Ottawa County Sheriff Terry Durborow, however, said he is not prepared to make that connection.
And Sanders’ attorney, C. Ross Rhoades, said, “This case has nothing to do with his father.”
Sam Sanders, 64, who had just retired from a trucking business, was shot to death March 24, 2009, in his rural Fairland home. Authorities said he fought off two gunmen who forced him, his wife and their 20-year-old grandson to the floor.
A 15-year-old granddaughter also was in the home during the shooting. When authorities arrived, they found Sanders’ wife, Lillian, tied to a chair and beaten.
At the time, Jessica Brown, spokeswoman for the Oklahoma State Bureau of Investigation, said the motive likely was robbery.
“We have looked at many different suspects,” Brown said, but she declined to say if the younger Sanders was one.
Wesley Sanders also is facing two counts of forgery and two counts of theft under $500 in McDonald County, Mo., and two counts of first-degree burglary and first-degree arson in Newton County, Mo.
In April, he pleaded guilty to larceny of an instrument in Ottawa County and received a five-year suspended sentence. In 2008, he pleaded guilty in McDonald County to theft of under $500 and received two years probation. He pleaded guilty in 2007 for passing back checks in Newton County and was fined.

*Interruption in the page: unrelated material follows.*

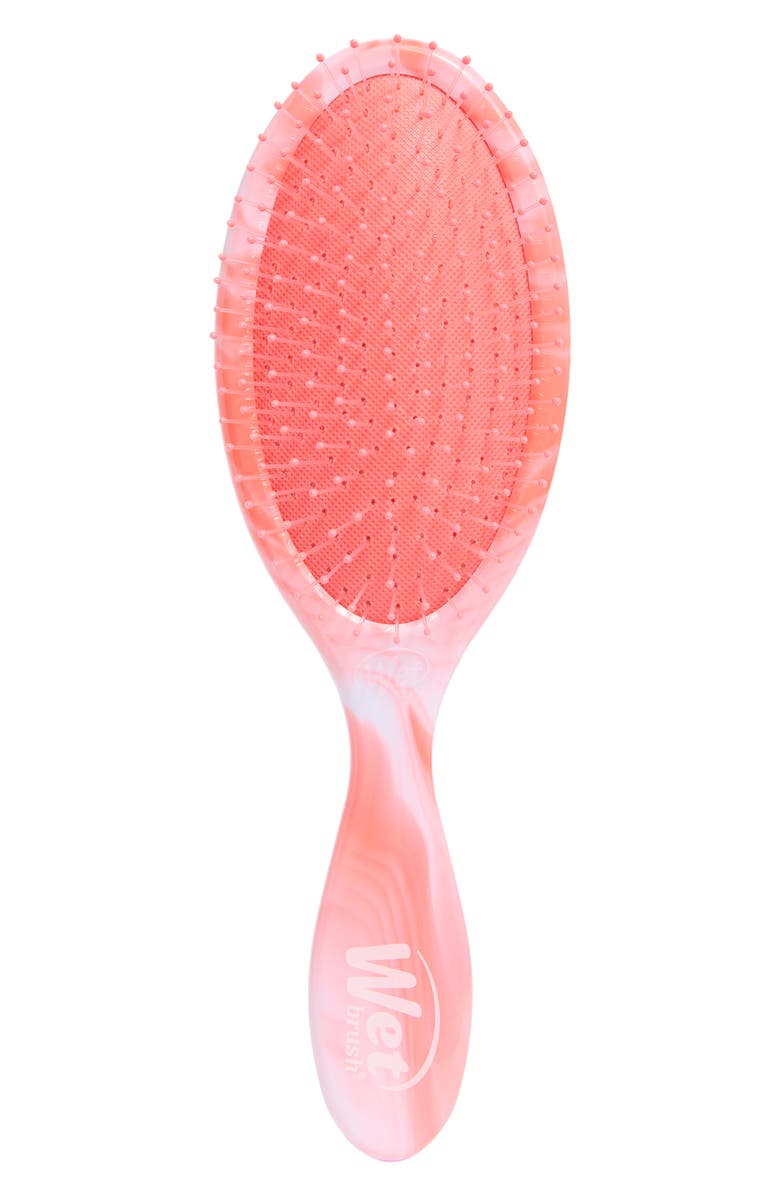 WET BRUSH Prismatic Glow Detangler Brush, Main, color, Pink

Wesley Sanders was convicted in a Jan. 25, 2009 theft in which he and three accomplices stole $480,000 from a Louisiana truck driver, who, according to court documents, told Sanders he was hauling drugs and money for a Detroit-based narcotics organization.
In his plea agreement, Sanders said the trucker first suggested he and Sanders fake a theft of money from his truck, then backed out of it. Sanders and three other men stole the money when the trucker came back through the area.
The truck driver was indicted in April on federal charges of money laundering and racketeering, according to court records.